Recently, a NAES-operated plant experienced a forced outage caused by a hydraulic tubing leak. Fortunately, the staff spotted and contained it before significant damage could occur. The power industry has recorded numerous incidents at other facilities that weren’t so fortunate. A hydraulic or lube oil leak near a hot turbine case can ignite and develop quickly into a conflagration, resulting in an extended outage and significant loss.
Here are some preventive measures that will help mitigate the risk of such a thing happening in your plant:
- Determine if your facility has written maintenance instructions for inspection and repair of tubing clamps and grommets. Consider lube oil, hydraulic, station and instrument air, compressors and similar systems. Make sure control cabinets, system skids and equipment packages are included.
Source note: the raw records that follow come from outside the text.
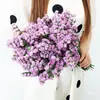 Directamente de Yunnan Nomeolvides Gypsophila Flores Reales Semisecas Secadas al Aire Naturalmente Flores Conservadas Regalo Adorno para Sala de Estar Mesa de Comedor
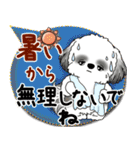 B＆W シーズー犬 2025「とにかく暑い！」（個別スタンプ：17）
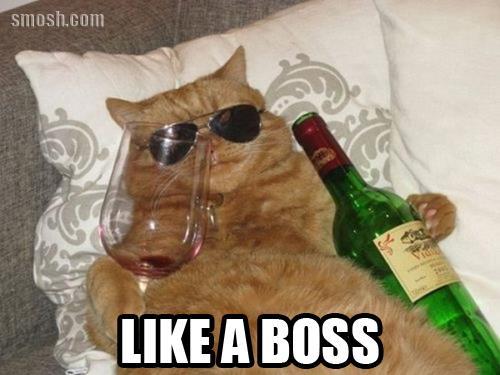 This shit right meow.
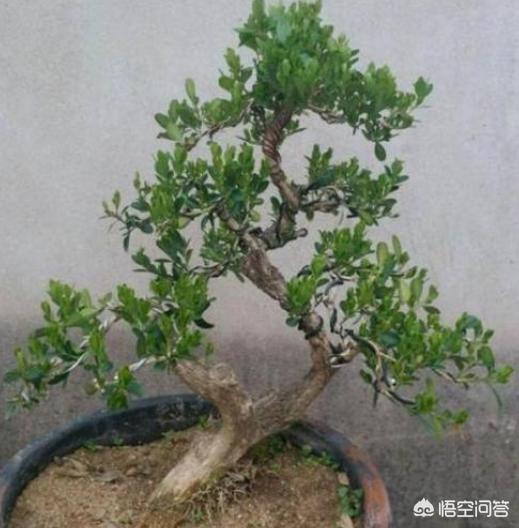 景观工程 小苗 种植方案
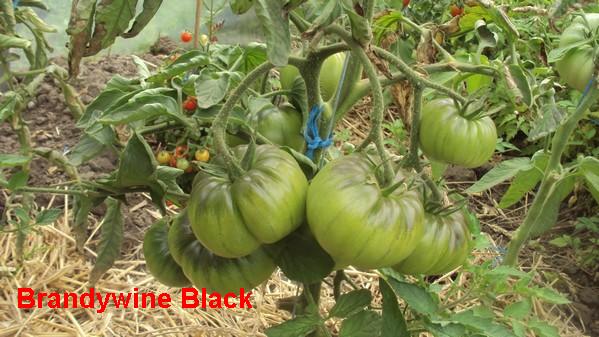 Brandy Black_230711_2.jpg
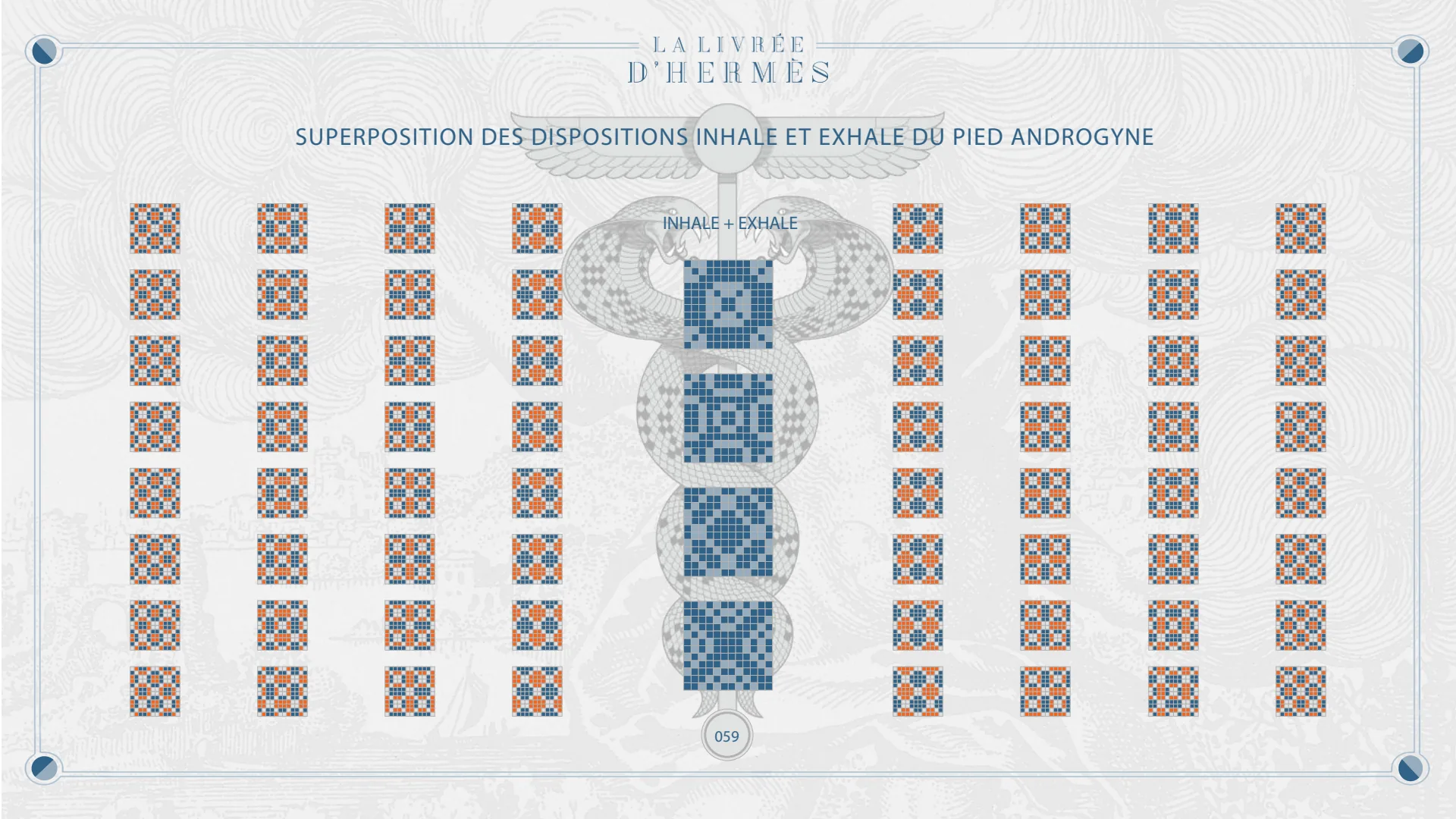 Superposition des dispositions inhale et exhale du pied androgyne.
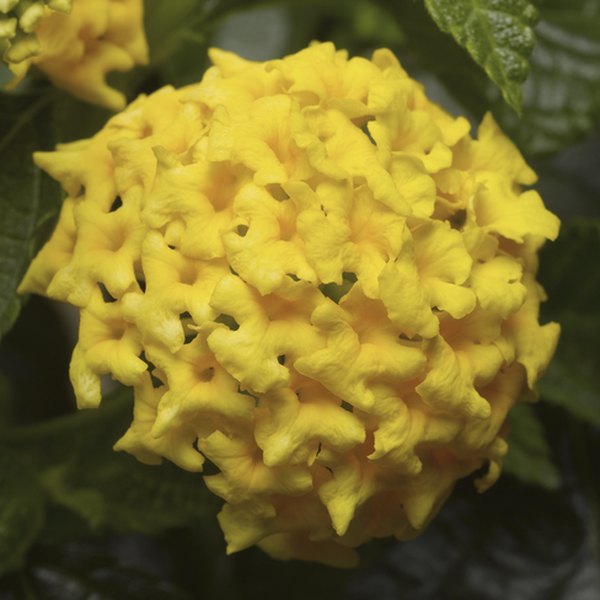 Yellow Bandana Landscape Lantana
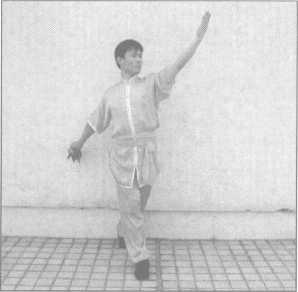 图片25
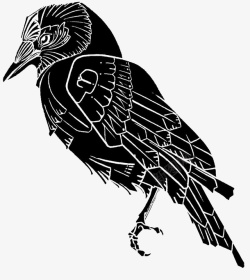黑白鸟图装饰简单素材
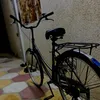 _mohali10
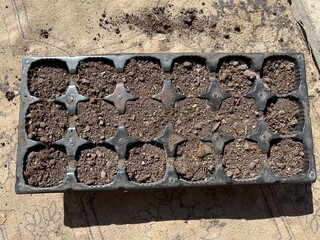 Plastic reusable black seed tray for sowing flower and vegetable seeds in spring in fertile soil....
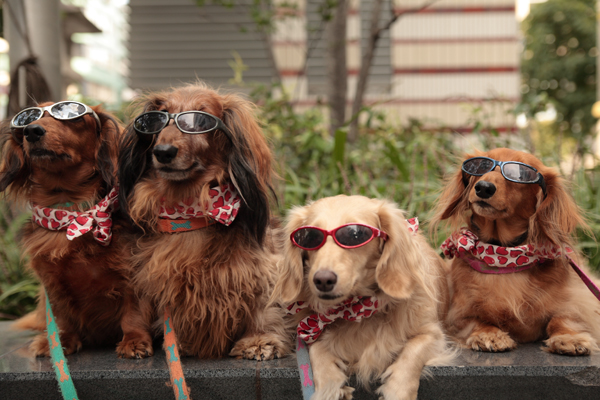 犬写真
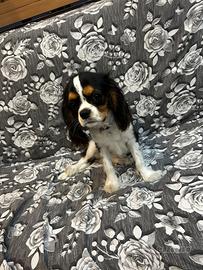 Cavalier king tricolore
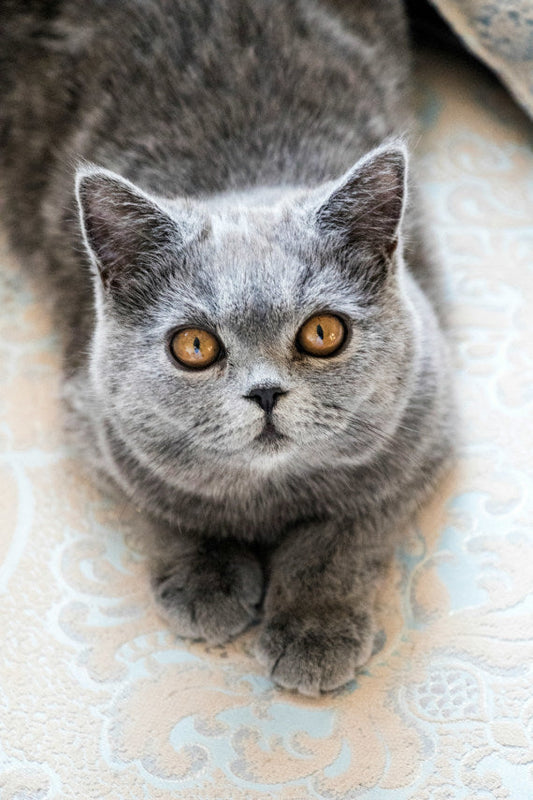 Are British shorthair cats popular?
- Determine if the maintenance instructions are sufficiently robust to inspect/repair all fixtures used to secure high-pressure hydraulic, lube oil and other pressurized fluid lines. Maintenance instructions should include the following:
- Check all clamps and grommets for looseness. The tube section supported by the clamp assembly should be securely fastened in place, allowing no movement that would enable contact with other equipment.
- Ensure there are sufficient clamps and appropriate spans to properly secure all tubing.
- Inspect the grommets for deterioration caused by:
- Saturation by oil, hydraulic or other fluid
- Brittleness due to age, heat, sunlight, low humidity
- Loss of material due to vibration, cutting or chafing
- Determine if the maintenance routine is properly scheduled for the conditions observed. Certain applications may require inspection/repair or, in more critical applications, mandated replacement at periodic intervals.
- Document and track failures, servicing actions and other related activities; use this data to adjust maintenance routines to ensure reliable operation and correct preventive activities.
- Ensure the facility keeps a sufficient inventory of clamping and grommet material. If critical supplies are not available, it can sway a decision to wait for the next maintenance interval before replacing, thus increasing risk of failure with possible catastrophic consequences.
- Should the plant determine that sufficient preventive measures are not in place, use the above recommendations to develop the required routines and instructions.